Ok Gumbo is on my todo list for Saturday.  Its been over 6 months since I made a pot.  Thanks for sharing!

*point!*

Side note:  When i make chicken stock I save the chicken fat to use as my oil for the roux.  Ups the taste!


----------



## idahopz (Feb 13, 2018)

Man that looks fantastic!


----------



## paul nj shore (Feb 13, 2018)

that`s  better  than a cooking show I love Prudhomme What a great job with pixs I just hope the round bread gets into
the square corners of that plate !!!   :D


----------



## tropics (Feb 13, 2018)

Steve Going to take your word that the slime can be cooked out,I would save time and omit it LOL then it would be Masarap LIKE
Richie


----------



## driedstick (Feb 13, 2018)

Dang it man that looks good,,, nice job and great post


----------



## troutman (Feb 13, 2018)

zippy12 said:


> Side note:  When i make chicken stock I save the chicken fat to use as my oil for the roux.  Ups the taste!



Lots of fat under the skin of those thighs plus the fat rendered in the oil I used for roux made it tasty.  Thanks for the LIKE !!


----------



## gmc2003 (Feb 13, 2018)

Troutman that's an incredible tutorial and history lesson.
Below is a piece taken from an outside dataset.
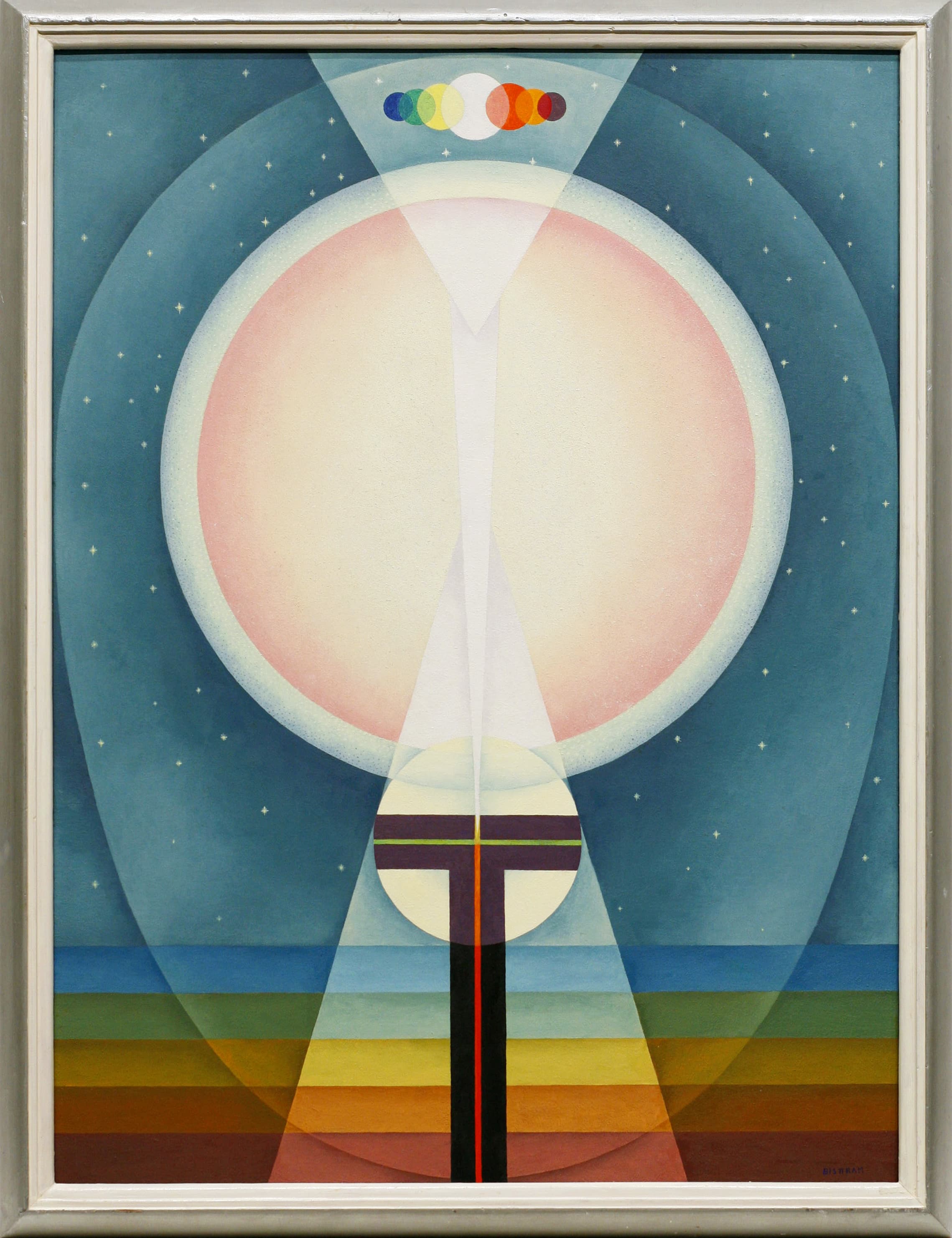 Emil Bisttram (American, born Romania, 1895–1976), Oversoul, c. 1941. Oil on Masonite, 35 1/2 x 26 1/2 in. Private collection.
This is one dish I'm going to have to try. 

Bookmarked, point for sure.

Chris


----------



## troutman (Feb 13, 2018)

idahopz said:


> Man that looks fantastic!



It is and it was....Thanks !!!



paul nj shore said:


> that`s  better  than a cooking show I love Prudhomme What a great job with pixs I just hope the round bread gets into
> the square corners of that plate !!!   :D



Prudhomme is the man !!!  He even taught me how to fit that round bread peg into that square corner hole to sop up every last drop !!



tropics said:


> Steve Going to take your word that the slime can be cooked out,I would save time and omit it LOL then it would be Masarap LIKE
> Richie



Yea some folks just don't like okra, in that case substitute file powder.  Thanks Richie !



driedstick said:


> Dang it man that looks good,,, nice job and great post



Thanks very much, I am passionate about Cajun cookin' !!


----------



## troutman (Feb 13, 2018)

gmc2003 said:


> Troutman that's an incredible tutorial and history lesson. This is one dish I'm going to have to try.
> 
> Bookmarked, point for sure.
> 
> Chris



Thanks Chris, was hoping folks would try this out and learn to cook one of the most authentic of American cuisines !!


----------



## tropics (Feb 13, 2018)

Steve I do use File when I make it,last ingredient added.
Richie


----------



## SmokinAl (Feb 14, 2018)

Your gumbo looks absolutely delicious!
I thought we made some awesome gumbo, but I think you have us beat!
Congrats on making the carousel!
Al


----------



## link (Feb 14, 2018)

That looks fantastic! I may have to try this sometime.

Thanks


----------



## motocrash (Feb 14, 2018)

Awesome looking Gumbo and great thread! A shout out to the French pot too,Viva LC.I love my 20+ year old trio of them.
Congratulations on the Carousel;)

Bill


----------



## checkdude (Feb 14, 2018)

I wanted to make gumbo forever! After this I have to do it. No more procrastination,! Coming this weekend it will be do. Going to the store now to get ingredients. Thank you for the write up.


----------



## mike5051 (Feb 14, 2018)

Great gumbo and thread!  I cook down my okra with the sausage until the slime is gone.  I've never heard of fried chicken being added, but it seems like a great idea!  This is very similar to my favorite gumbo with okra, chicken and shrimp.  I also add a couple of pounds of crawfish tail meat.  

Mike


----------



## indaswamp (Feb 14, 2018)

zippy12 said:


> When i make chicken stock I save the chicken fat to use as my oil for the roux. Ups the taste!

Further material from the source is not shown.